You can also hot-reload Hunspell dictionaries at runtime without restarting the node. For more information, see Hot-reloading Hunspell dictionaries.

You can download these files from LibreOffice dictionaries.

Parameters

The hunspell token filter can be configured with the following parameters.

Parameter Required/Optional Data type Description
language/lang/locale At least one of the three is required String Specifies the language for the Hunspell dictionary. Can contain only alphanumeric characters, hyphens, and underscores (for example, en_US, de_DE).
ref_path Optional String Specifies a relative path used to load dictionaries from the <OS_PATH_CONF>/<ref_path>/hunspell/<locale>/ directory instead of the default <OS_PATH_CONF>/hunspell/<locale>/ directory. When specified, the locale parameter is required. The ref_path value can contain alphanumeric characters, hyphens, underscores, and forward slashes (for nested paths such as analyzers/my-dict). The locale value can contain only alphanumeric characters, hyphens, and underscores. See Custom dictionary loading with ref_path. Note: Starting in OpenSearch 3.7, ref_path resolves directly under <OS_PATH_CONF>. In earlier versions (3.6), it resolved under <OS_PATH_CONF>/analyzers/. To preserve the previous layout, prefix your ref_path value with analyzers/ (for example, analyzers/my-dict).
dedup Optional Boolean Determines whether to remove multiple duplicate stemming terms for the same token. Default is true.
dictionary Optional Array of strings Configures the dictionary files to be used for the Hunspell dictionary. Default is all files in the <OS_PATH_CONF>/hunspell/<locale> directory if ref_path is not specified or all files in the <OS_PATH_CONF>/<ref_path>/hunspell/<locale>/ directory when ref_path is specified. See Custom dictionary loading with ref_path.
longest_only Optional Boolean Specifies whether only the longest stemmed version of the token should be returned. Default is false.
updateable Optional Boolean When set to true, the filter operates in search-time analysis mode, allowing dictionaries to be hot-reloaded by using the Refresh search analyzer API without restarting the node. Default is false. Introduced 3.7.

Example

The following example request creates a new index named my_index and configures an analyzer with a hunspell filter:

PUT /my_index
{
  "settings": {
    "analysis": {
      "filter": {
        "my_hunspell_filter": {
          "type": "hunspell",
          "lang": "en_GB",
          "dedup": true,
          "longest_only": true
        }
      },
      "analyzer": {
        "my_analyzer": {
          "type": "custom",
          "tokenizer": "standard",
          "filter": [
            "lowercase",
            "my_hunspell_filter"
          ]
        }
      }
    }
  }
}

Custom dictionary loading

When you specify a ref_path parameter, dictionaries are loaded from a custom directory instead of the default directory. This is useful when you need multiple independent dictionary sets for the same locale, for example, when different indexes require different custom dictionaries.

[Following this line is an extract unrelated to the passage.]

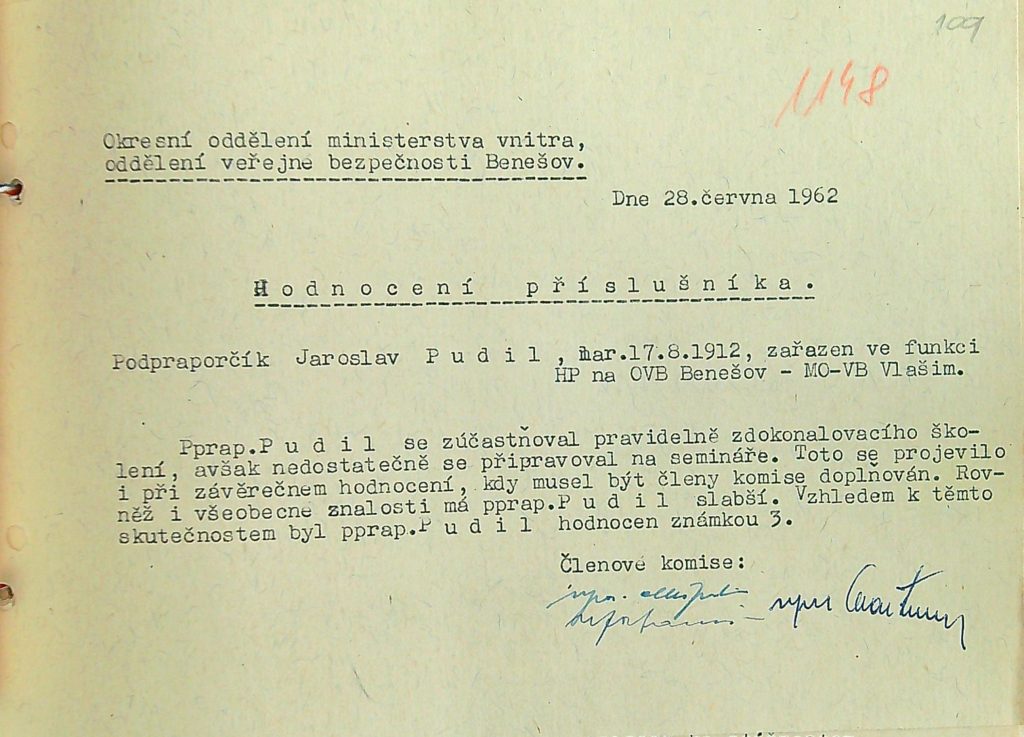 Pudil Hodnocení Příslušníka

Starting in OpenSearch 3.7, ref_path is resolved relative to <OS_PATH_CONF> and can contain forward slashes for nested paths. In OpenSearch 3.6, ref_path was resolved relative to <OS_PATH_CONF>/analyzers/. To preserve the previous directory layout when upgrading from 3.6, prefix your existing ref_path value with analyzers/.

Place dictionary files in the following directory structure:

<OS_PATH_CONF>/<ref_path>/hunspell/<locale>/
├── <locale>.aff       (exactly one .aff file required)
├── <locale>.dic       (one or more .dic files)
└── <locale>_custom.dic

The following example loads a Hunspell dictionary from <OS_PATH_CONF>/analyzers/my-dict/hunspell/en_US/:

PUT /my_index
{
  "settings": {
    "analysis": {
      "filter": {
        "my_custom_hunspell": {
          "type": "hunspell",
          "ref_path": "analyzers/my-dict",
          "locale": "en_US"
        }
      },
      "analyzer": {
        "my_analyzer": {
          "type": "custom",
          "tokenizer": "standard",
          "filter": [
            "lowercase",
            "my_custom_hunspell"
          ]
        }
      }
    }
  }
}

Multiple indexes can use different ref_path directories configured for the same locale. Each ref_path maintains its own independent dictionary cache:

PUT /index_medical
{
  "settings": {
    "analysis": {
      "filter": {
        "medical_hunspell": {
          "type": "hunspell",
          "ref_path": "analyzers/medical-dict",
          "locale": "en_US"
        }
      }
    }
  }
}

PUT /index_legal
{
  "settings": {
    "analysis": {
      "filter": {
        "legal_hunspell": {
          "type": "hunspell",
          "ref_path": "analyzers/legal-dict",
          "locale": "en_US"
        }
      }
    }
  }
}

Hot-reloading Hunspell dictionaries

Introduced 3.7

You can update Hunspell dictionaries at runtime without restarting the node. To enable this, set the updateable parameter to true on the Hunspell token filter. This registers the filter in search-time analysis mode, so it can only be used at search time (for example, in a search_analyzer), not at index time.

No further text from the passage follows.